[Web page caption snippets]
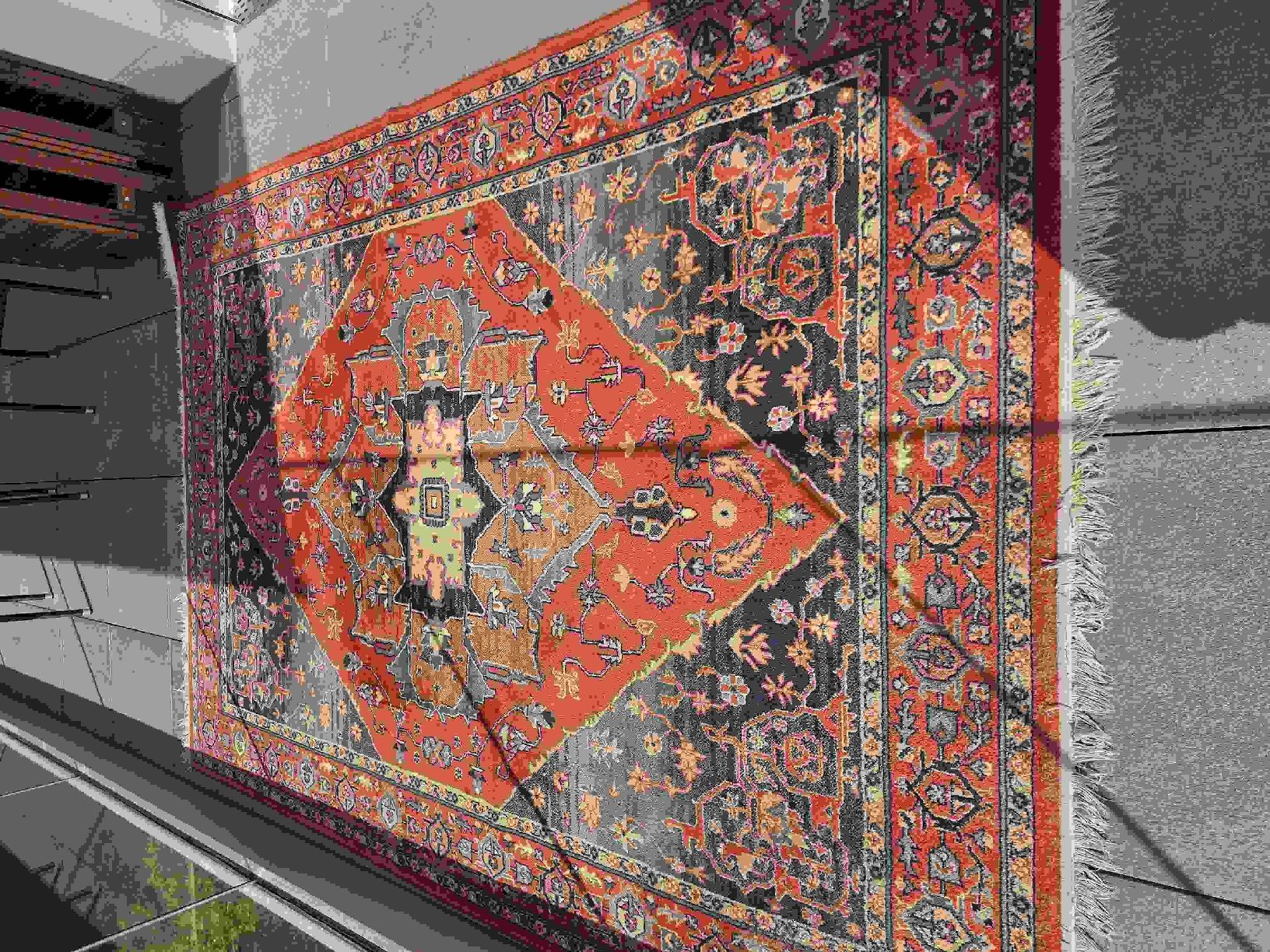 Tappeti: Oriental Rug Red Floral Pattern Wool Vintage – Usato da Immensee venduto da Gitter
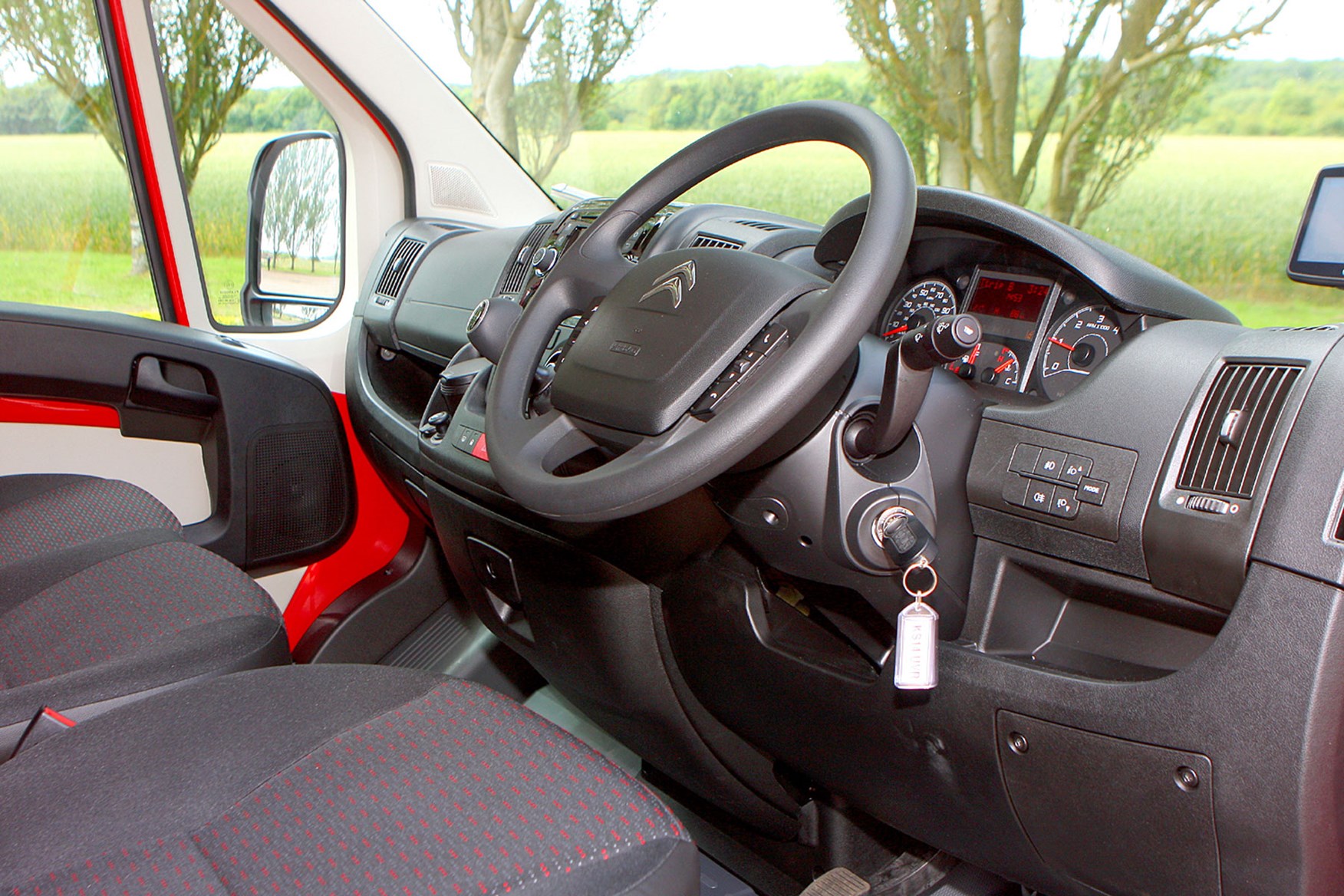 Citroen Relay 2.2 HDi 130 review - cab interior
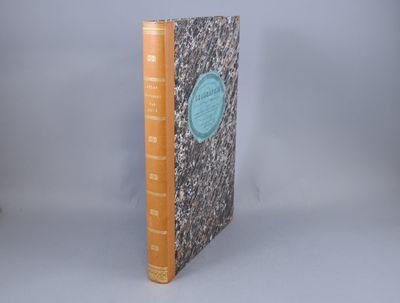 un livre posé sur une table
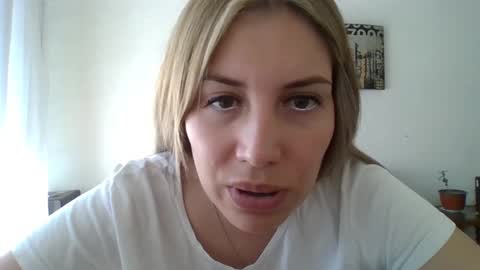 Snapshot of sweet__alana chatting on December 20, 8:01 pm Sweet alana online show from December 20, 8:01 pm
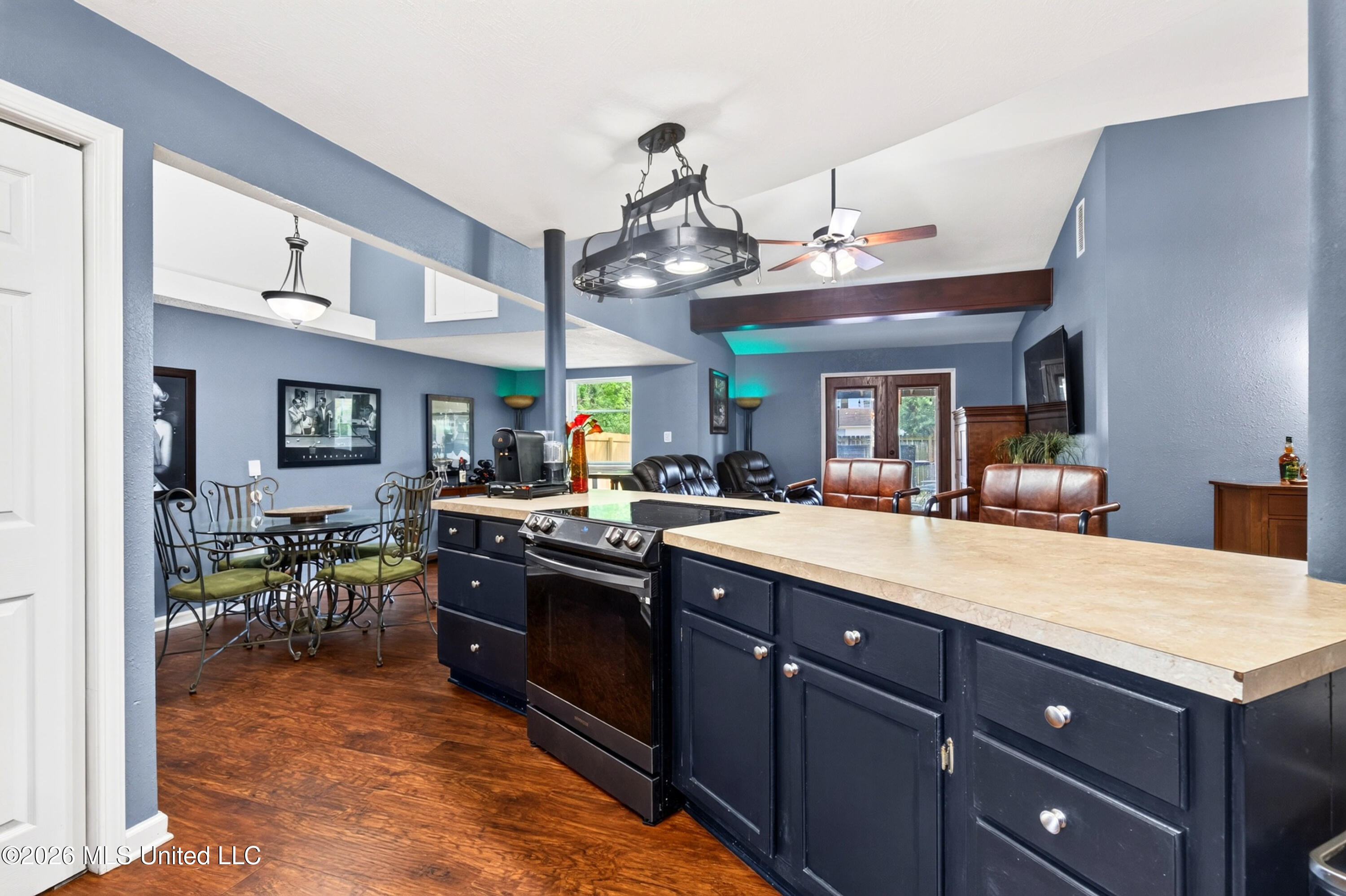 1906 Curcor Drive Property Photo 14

Exercise aim.
Write out exactly the lines from the one that contains "un livre posé sur une table" through the last line of the data above, both included. Leave every picture out.

Result of this exercise.
 un livre posé sur une table
 Snapshot of sweet__alana chatting on December 20, 8:01 pm Sweet alana online show from December 20, 8:01 pm
 1906 Curcor Drive Property Photo 14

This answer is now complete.